Given a dataframe with an index column ("Z"):
val tmp= Seq(("D",0.1,0.3, 0.4), ("E",0.3, 0.1, 0.4), ("F",0.2, 0.2, 0.5)).toDF("Z", "a", "b", "c")
+---+---+---+---+
| Z | a| b| c|
---+---+---+---+
| "D"|0.1|0.3|0.4|
| "E"|0.3|0.1|0.4|
| "F"|0.2|0.2|0.5|
+---+---+---+---+
Say im interested in the first row where Z = "D":
tmp.filter(col("Z")=== "D")
+---+---+---+---+
| Z | a| b| c|
+---+---+---+---+
|"D"|0.1|0.3|0.4|
+---+---+---+---+
How do i get the min and max values of that Dataframe row and its corresponding column name while keeping the index column?
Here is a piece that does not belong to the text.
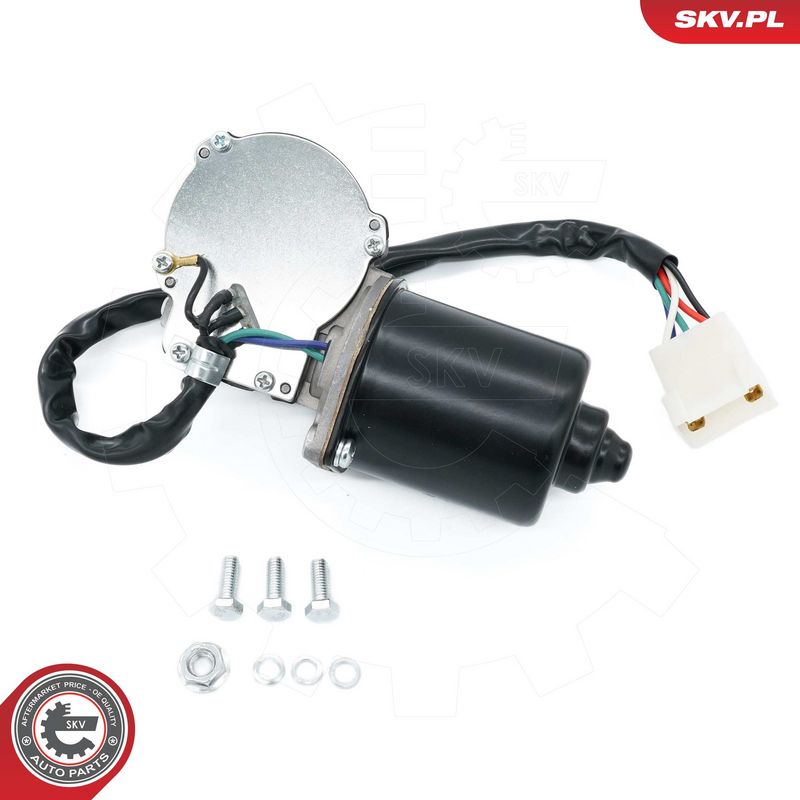 Pesuri mootor, ESEN SKV 19SKV194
Desired output if i want top 2 max
+---+---+---
| Z | b|c |
+---+---+--+
| D |0.3|0.4|
+---+---+---
Desired output if i want min
+---+---+
| Z | a|
+---+---+
| D |0.1|
+---+---+
What i tried:
// first convert that DF to an array
val tmp = df.collect.map(_.toSeq).flatten
// returns
tmp: Array[Any] = Array(0.1, 0.3, 0.4) <---dont know why Any is returned
//take top values of array
val n = 1
tmp.zipWithIndex.sortBy(-_._1).take(n).map(_._2)
But got error:
No implicit Ordering defined for Any.
Any way to do it straight from dataframe instead of array?